22 Jahre nach dem letzten „Weißbuch“ ist dieses neue Werk die französische Reaktion auf die veränderte Weltlage. Im Gegensatz zu anderen Ländern des westlichen Bündnisses äußert Frankreich darin keine Abrüstungsvorhaben. Völlig ausgespart ist auch die Frage künftiger Atomtests im Pazifik. Seit zwei Jahren hält sich das Land an ein Moratorium, das der sozialistische Staatspräsident François Mitterrand als oberster Militärchef verfügt hat. Mitterrand sorgte auch dafür, daß das „Weißbuch“ dieses heikle Thema meidet. Doch die konservative Regierung hat bereits mehrfach ihren Dissens angemeldet. Verteidigungsminister Léotard will die Tests „sobald wie möglich“ wieder aufnehmen, weil sonst keine „Modernisierung unserer nuklearen Werkzeuge“ möglich sei. Aus dem eigenen Lager wurde Regierungschef Edouard Balladur bereits vorgeworfen, er sei ein „Feigling“, weil er sich nicht gegen den Präsidenten durchgesetzt habe. Anders als 1972 öffnet das neue „Weißbuch“ Wege für eine verstärkte Zusammenarbeit französischer Militärs mit internationalen Organisationen, auch wenn eine Rückkehr in die militärische Integration des Atlantischen Bündnisses nicht vorgesehen ist.

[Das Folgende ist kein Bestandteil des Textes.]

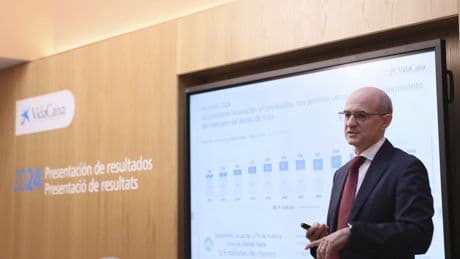 Caixabank: VidaCaixa aporta 329 millones al beneficio del grupo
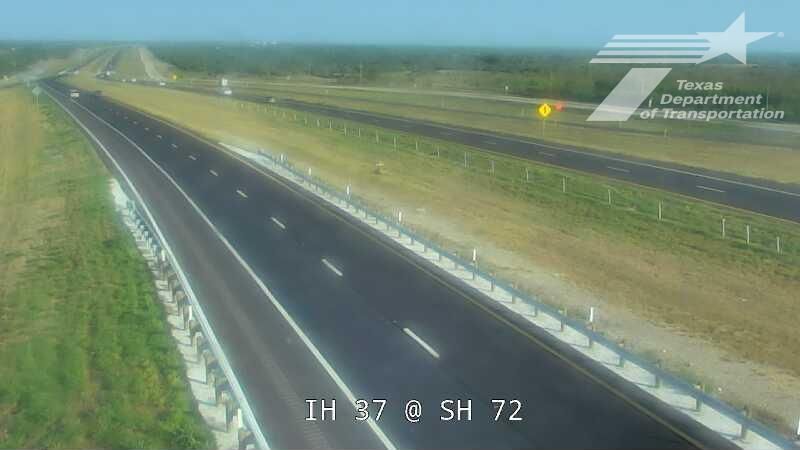 Three Rivers › North: IH 37 @ SH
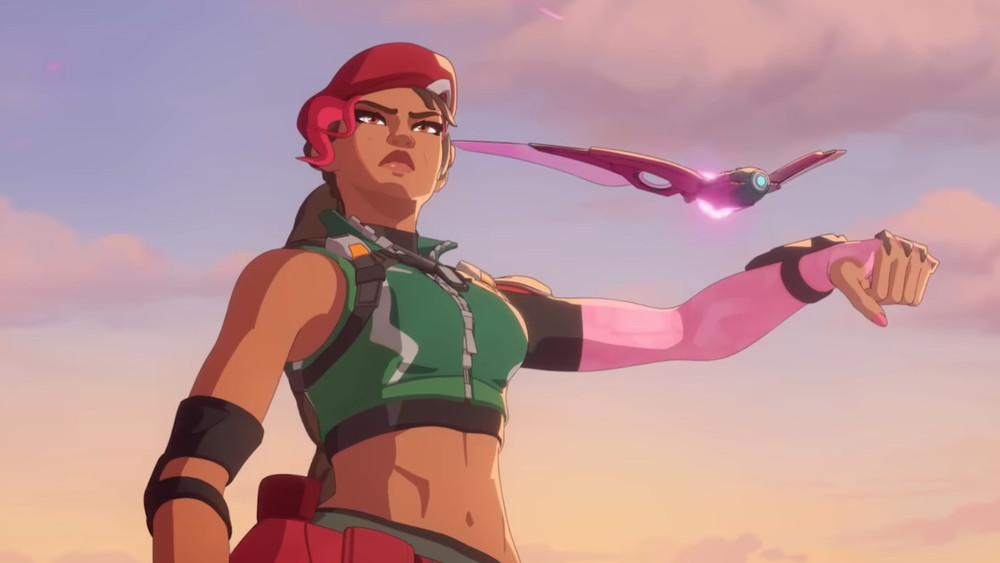 Overwatch: Der Charakter Sierra wird vor ihrem Start am 14. April vorgestellt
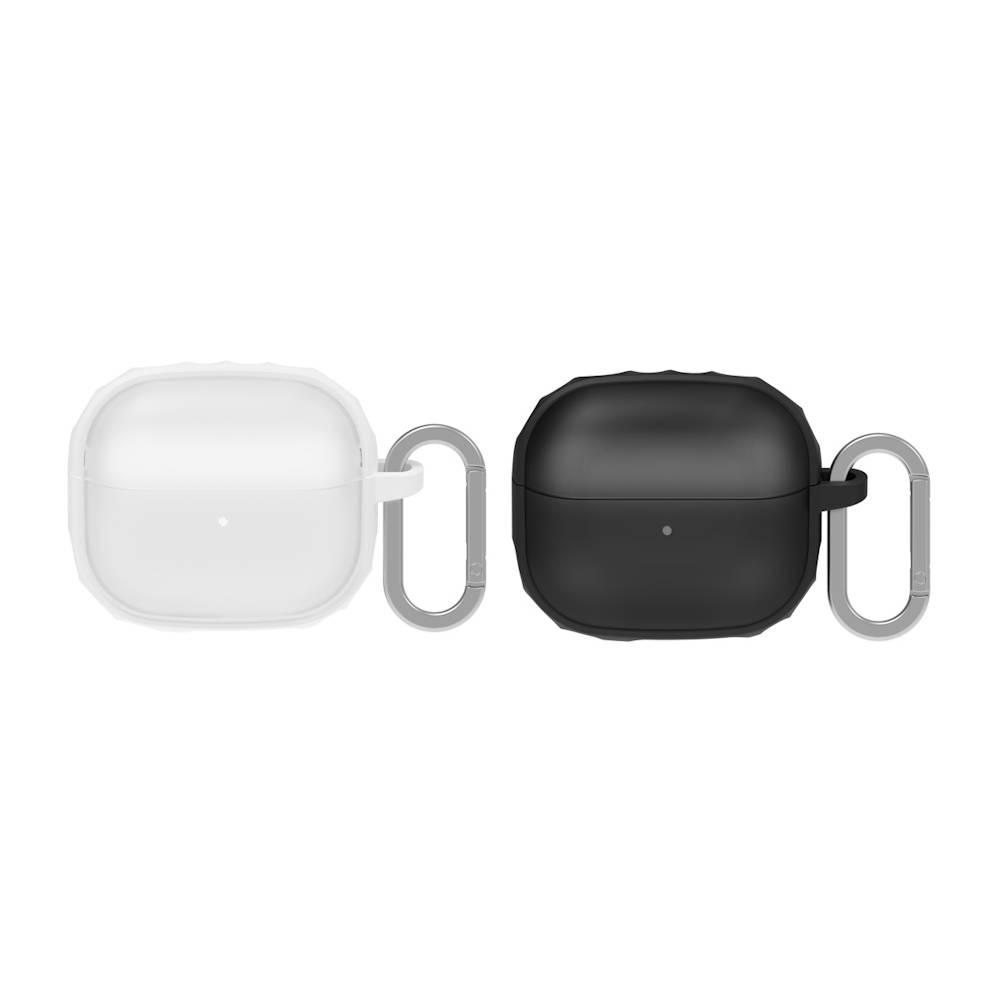 Galaxy Bud3 FE防摔保護殼 (附登山扣)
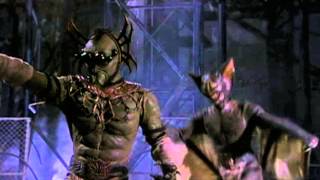 Kamen Rider Kuuga Trailer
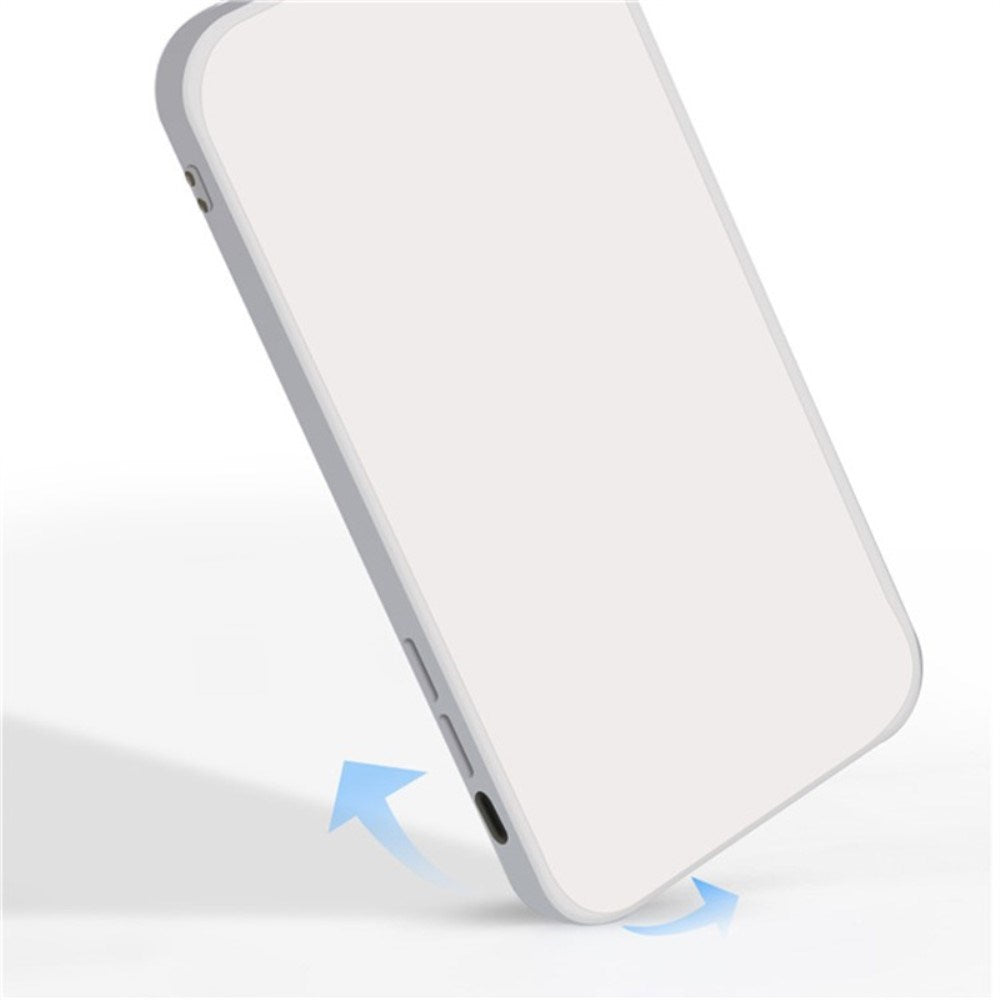 EIDERWOOD Samsung Galaxy A36 (5G) Cover – Stærk Beskyttelse i Fleksibelt Plast - Grøn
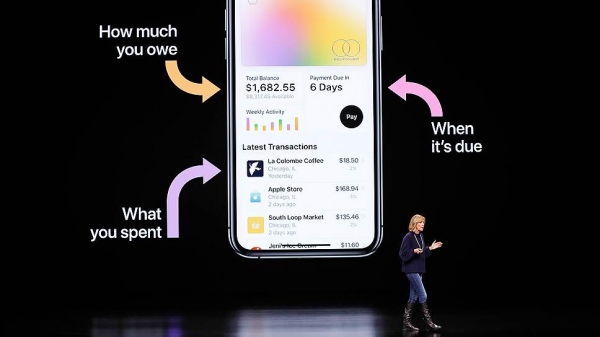 Apple представила новые сервисы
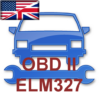 OBD2ELM327. Car Diagnostics icon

Die Zeiten ändern sich, Staaten hören auf zu existieren, und ganze Blöcke verschwinden von der politischen Weltkarte – Frankreich bleibt sich treu. Mit dem Satz „Frankreichs Verteidigung muß französisch sein“, begründete Charles de Gaulle in den 50er Jahren die Gründung der atomaren Force de Frappe und in den 60er Jahren den Ausstieg seines Landes aus der militärischen Integration der Nato. 30 Jahre danach trägt heute sein sozialistischer Nachfolger François Mitterrand die Staffel weiter. Allein steht er damit auch nach dem Ende des Kalten Krieges nicht: Keine der großen französischen Parteien, von der rechtsextremen „Front National“ über die Mitte bis hin zu den KommunistInnen stellt das Dogma von der Unabhängigkeit durch atomare Abschreckung in Frage.